Should Stephan Bonnar be inducted into the UFC Hall of Fame?
Plus the little issue of the Hall of Fame being run by a promoter rather than an independent panel—something no other pro sport does.
Qualms with the UFC Hall of Fame aside, though, it’s the best the sport has at the moment. And it’s where Bonnar belongs if it’s where his contemporaries are.
Ask anyone and they’ll say Forrest Griffin will be inducted upon his retirement. He was a TUF winner, a champion and one of the first marketable personalities of the promotion’s most significant boom. He also took part in what White calls the most important fight in UFC history, against Bonnar.

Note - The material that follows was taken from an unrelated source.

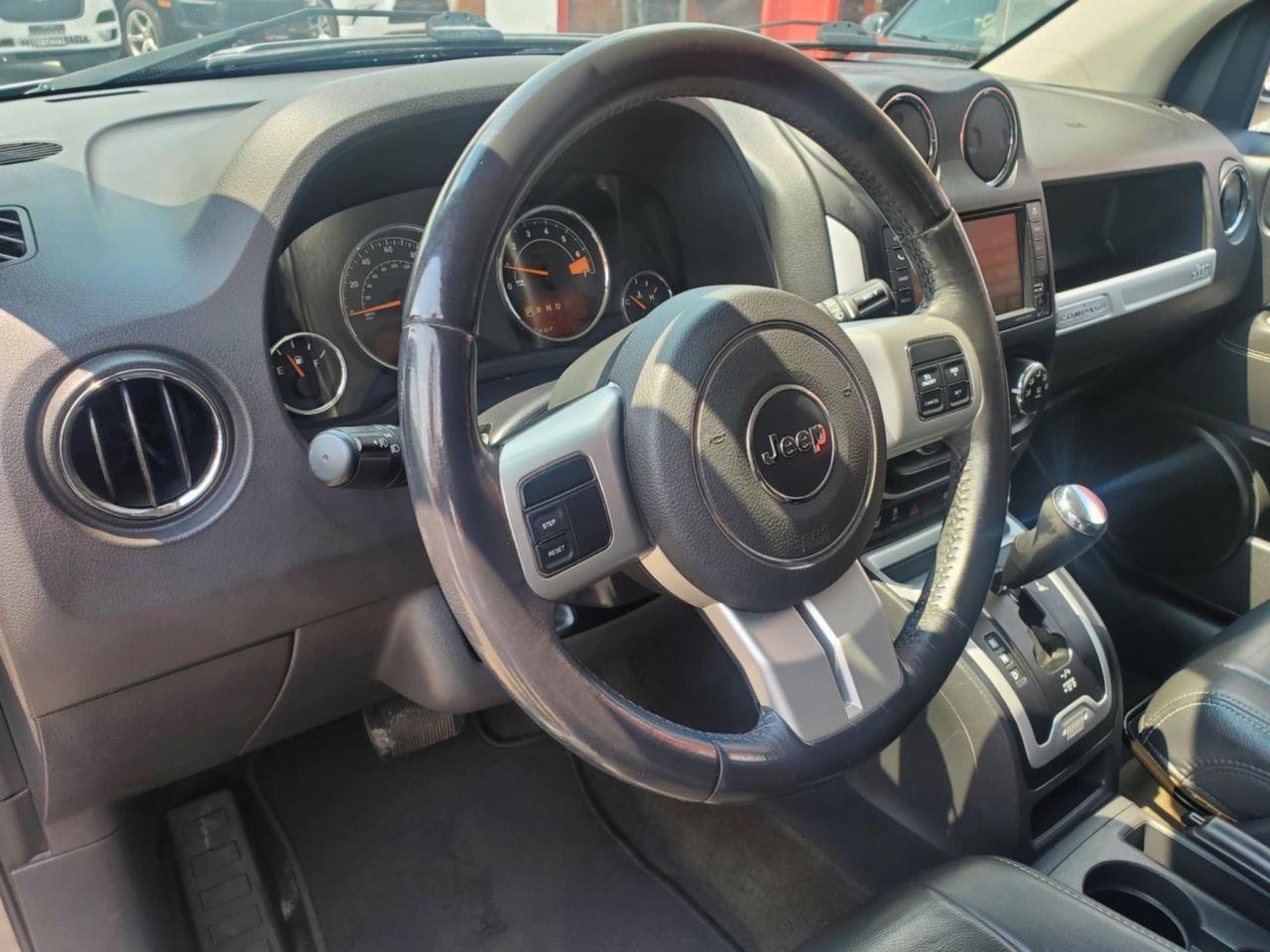 2016 Jeep Compass 4WD HIGH ALTITUDE Photo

With that in mind, how can Bonnar not follow his friend and nemesis there?
Sure, he didn’t win titles or even any fights against a name bigger than Keith Jardine, but he was there when it mattered. He was a blood-and-guts warrior when the promotion needed one, and he always did it with a good quote, quick wit and an understanding of what he brought to the UFC.
That may not be enough to warrant Hall of Fame consideration—one massive fight and a willingness to bleed, admittedly, doesn’t sound that impressive on its own. However, one of the greatest pitfalls of the UFC Hall of Fame could become one of its greatest assets in the case of Bonnar—the unchallenged omnipotence of the UFC in deciding who gets in.
Other sports see plenty of guys who could warrant Hall of Fame consideration for things other than pure numbers, but because certain stats are seen as benchmarks, the individuals on voting committees tend to err on the side of caution with their selections.
Dana and company don’t have to do that. So why not put him in? Issues with the current UFC Hall of Fame system notwithstanding, it would be a great sendoff for a true warrior who deserves it.
He wasn’t an all-time great. He never held gold, and he never will.
But if what he did for the UFC was truly as important as White would have you believe, that glass plaque would be more meaningful in Bonnar’s hands than in the hands of any man who came before him—both for the UFC, and for the man holding it.